C++ code as follows:
#include<iostream>
#include<string>
using namespace std;
void rotateOnce(string &s)
{
char tmp = s[0];
int i;
for(i=1; i<s.size(); ++i)
{
s[i-1] = s[i];
}
s[i-1] = tmp;
}
int main()
{
string s = "abcdefghijklmn";
cout << "The origin is: " << s << endl;
//The number of the left
int i;
cin >> i;
if(i > s.size())
{
i = i%s.size();
}
//Call the function I times
while(i--)
{
rotateOnce(s);
}
cout << "The result is: "<< s << endl;
return 0;
}
Thought three : move x[0] to the temporary variable t, then move x[I] to x[0], x[2i] to x[I], and so on, until we return to the position of x[0] to extract the element, this time to extract the element from the temporary variable t, and then end the process (when the subscript is greater than n to take the modulus or minus n). If the process does not move all the elements, it moves again from x[1], moving the maximum convention of I and n several times in total.

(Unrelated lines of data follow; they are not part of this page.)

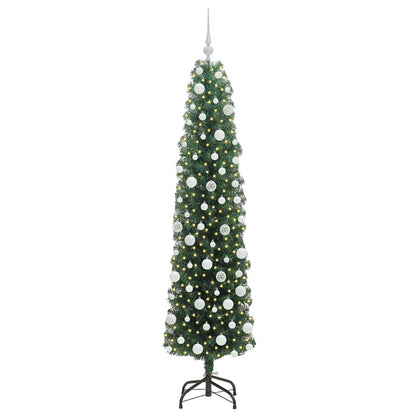 Kunstkerstboom Groen 180 cm PVC en Staal en Kunststof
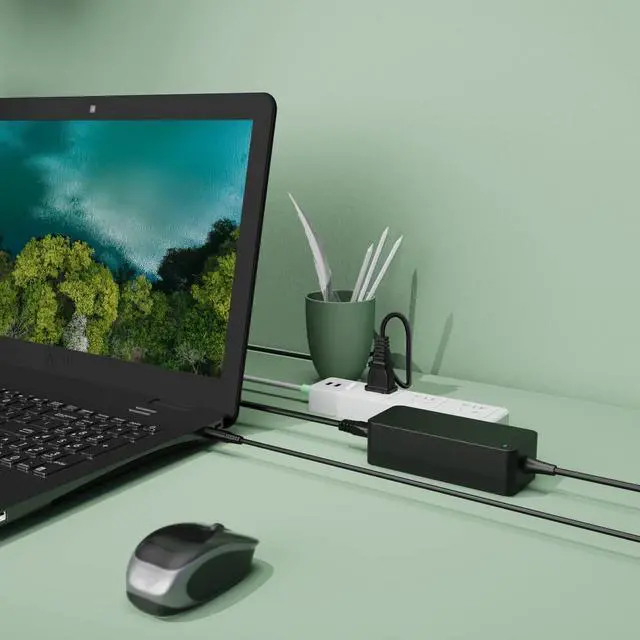 Alt view image 7 of 7 - 65W 45W AC Charger Fit for Dell-Inspiron 15 17 Series 15-5000 15-7000 15-3000 13-7000 17-7000 17-5000 17-3000 2 in 1 5767 7779 7778 5759 7786 7773 11 13 14 3000 7000 Laptop Adapter Power Cord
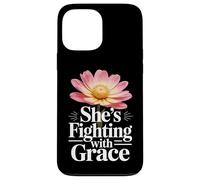 Cancer Survivor Woman Fighting with Grace Inspirational Gift Case for iPhone 13 Pro Max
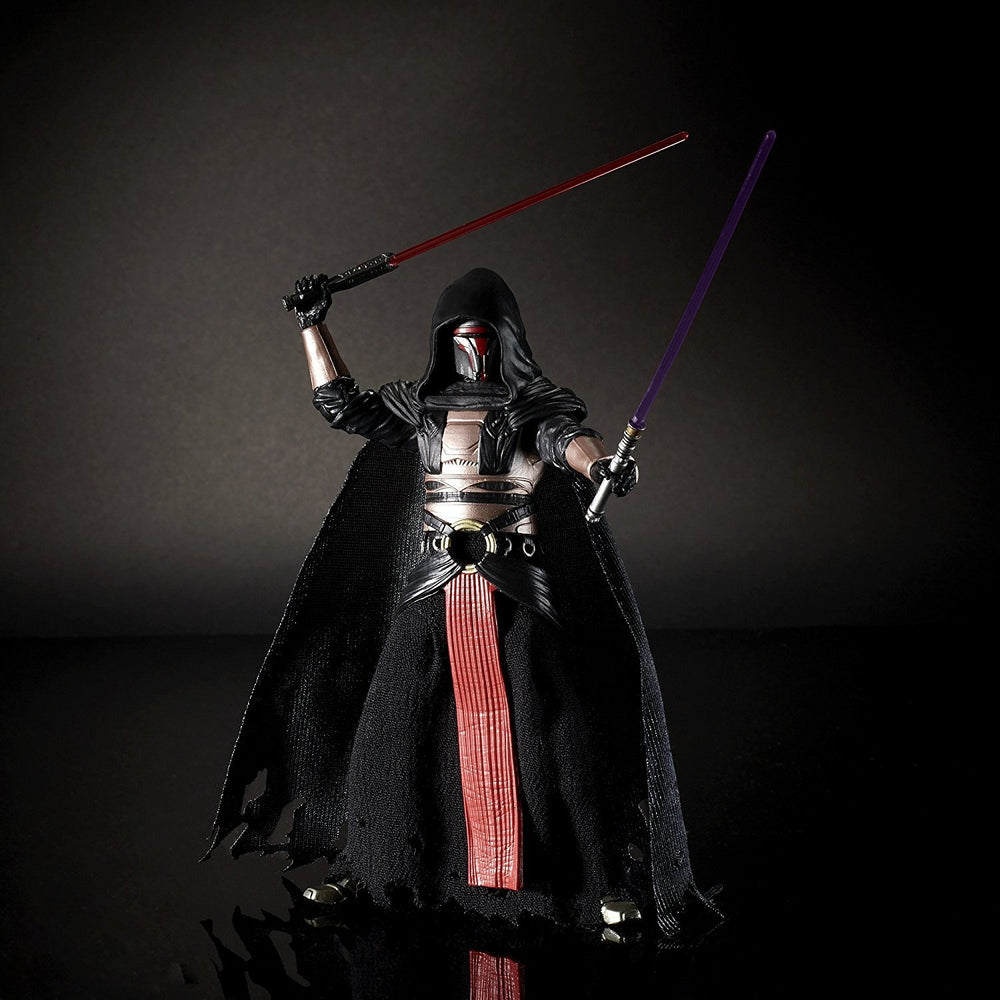 Star Wars Darth Revan on display shelf for collection centerpiece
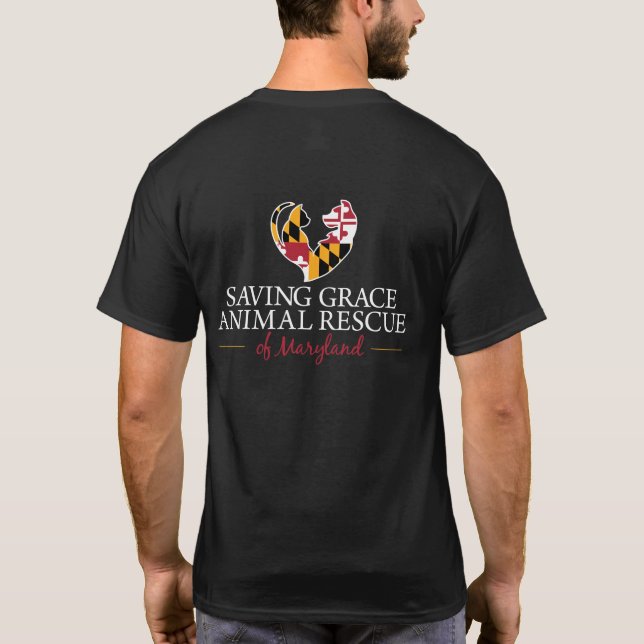 T-shirt Chemise noire de logo de bon côté (Dos)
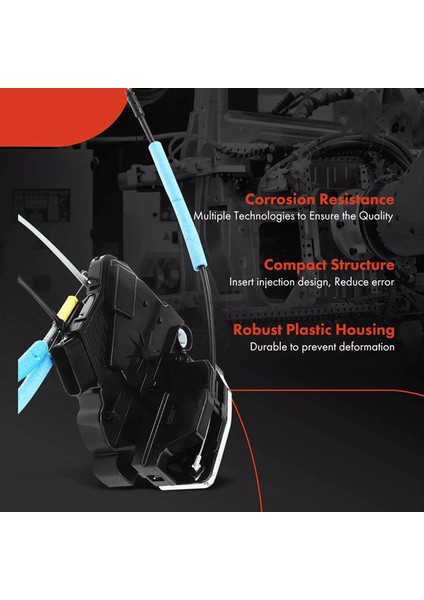 Hyundai Sonata Için Sol Ön Kapı Kilidi Aktüatörü 81310-C1000 2014-2019 81310C1000 Araba Kapı Mandal Mekanizması Montajı (Yurt Dışından) modelleri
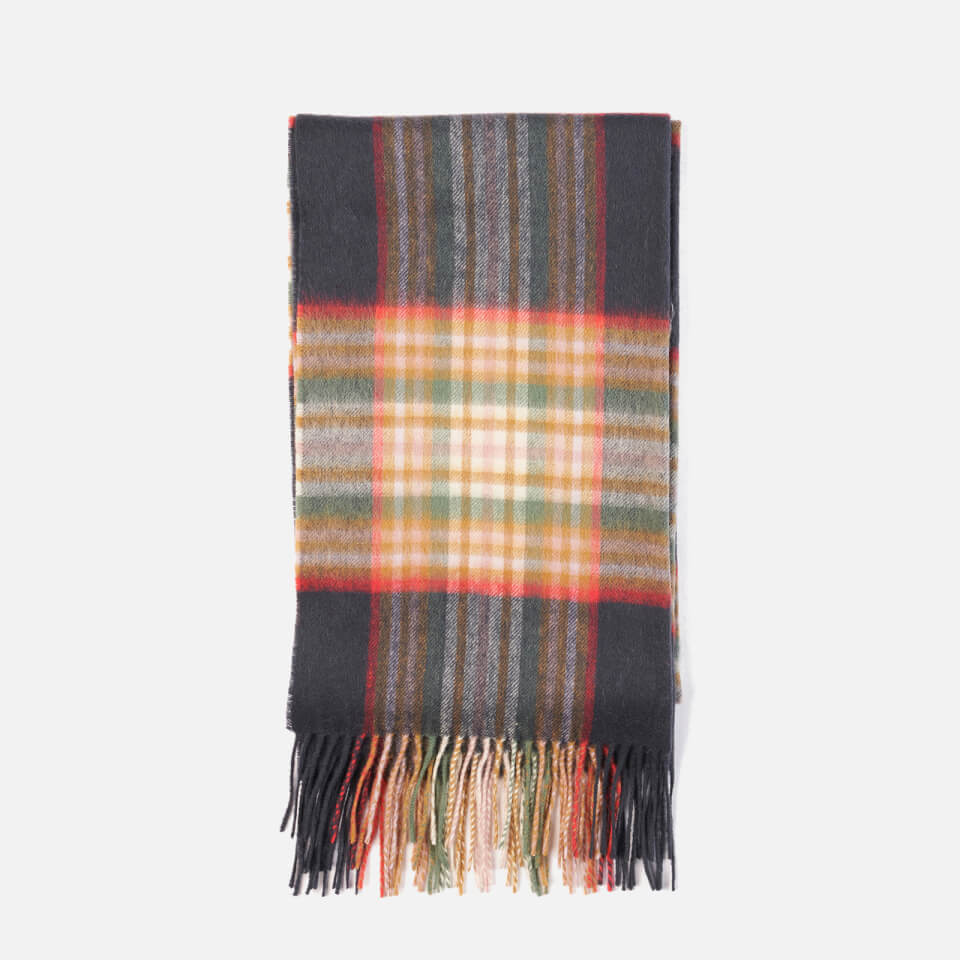 Barbour Lonnen Checked Wool Scarf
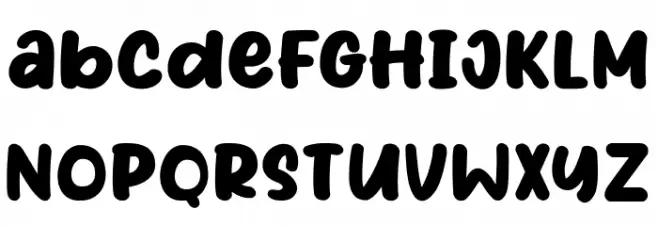 JoyOfChristmas-Regular خط أحرف صغيرة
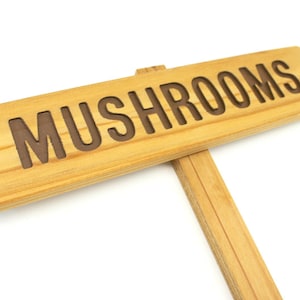 MUSHROOMS Schild, Outdoor Marker, Yard Art, Pilzbeschilderung, Veggie Marker, Gartenschild, Pilzmarker, Pflanzenetikett, Gemüsemarker, Pilze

Performance: this method is ingenious and, as the book suggests, a masterful acrobatic feat. The space complexity is O(1) and the time complexity is linear time, which satisfies the performance requirements of the problem, but is not optimal.
C++ code as follows:
#include<iostream>
#include<string>
using namespace std;
//Euclid's algorithm finds the greatest common divisor
int gcd(int i, int j)
{
while(1)
{
if(i > j)
{
i = i%j;
if(i == 0)
{
return j;
}
}
if(j > i)
{
j = j%i;
if(j == 0)
{
return i;
}
}
}
}
int main()
{
string s = "abcdefghijklmn";
cout << "The origin is: "<< s << endl;
//The number of the left
int i;
cin >> i;
if(i > s.size())
{
i = i%s.size();
}
//mobile
char tmp;
int times = gcd(s.size(), i);
for(int j=0; j<times; ++j)
{
tmp = s[j];
int pre = j; //Record the last location
while(1)
{
int t = pre+i;
if(t >= s.size())
t = t-s.size();
if(t == j) //All the way to the original position of TMP, j
break;
s[pre] = s[t];
pre = t;
}
s[pre] = tmp;
}
cout << "The result is: "<< s << endl;
return 0;
}
Thinking four : the rotation vector x is actually the exchange of two segments of the vector ab, resulting in the vector ba, where a represents the first I elements of x. Let's say a is shorter than b. B is divided into bl and br so that the length of br is the same as the length of a. Switch a and br, convert ablbr to brbla. Now that sequence a is in its final position, we can focus on swapping the two parts of b. Since the new problem is the same as the original one, we solve it recursively. This approach produces elegant programs, but requires clever code and some thought to see that it is efficient enough.
// implementation code (omitted)
Thinking five (preferably) think of this problem as converting an array ab to a ba, and assume that we have a function to reverse the elements of a particular part of the array. You start with ab, you take the inverse of a, you get arb, and then you take the inverse of b, you get arbr. And then you take the inverse of the whole thing, and you get arbr, r, which is ba.
reverse(0, i-1)
reverse(i, n-1)
reverse(0, n-1)
Performance: the reverse-order method is efficient in time and space, and the code is very short and hard to fault.
C++ code as follows:
#include<iostream>
#include<string>
using namespace std;
void reverse(string &s, int begin, int end)
{
while(begin < end)
{
char tmp = s[begin];
s[begin] = s[end];
s[end] = tmp;
++begin;
--end;
}
}
int main()
{
string s = "abcdefghijklmn";
cout << "The origin is: "<< s << endl;
int i;
cin >> i;
if(i > s.size())
{
i = i%s.size();
}
reverse(s, 0, i-1);
reverse(s, i, s.size()-1);
reverse(s, 0, s.size()-1);
cout << "The result is: "<< s << endl;
return 0;
}
Third, expand and extend
How do I rotate vector ABC into cba?
Similar to the previous problem, this vector rotation corresponds to the swap model for non-contiguous memory blocks. The solution is similar: cba = (arbrcr) r
Note: in the interview or written test, if there is a vector rotation (memory block exchange) problem, it is recommended that the best way to use five answers, not only efficient and concise.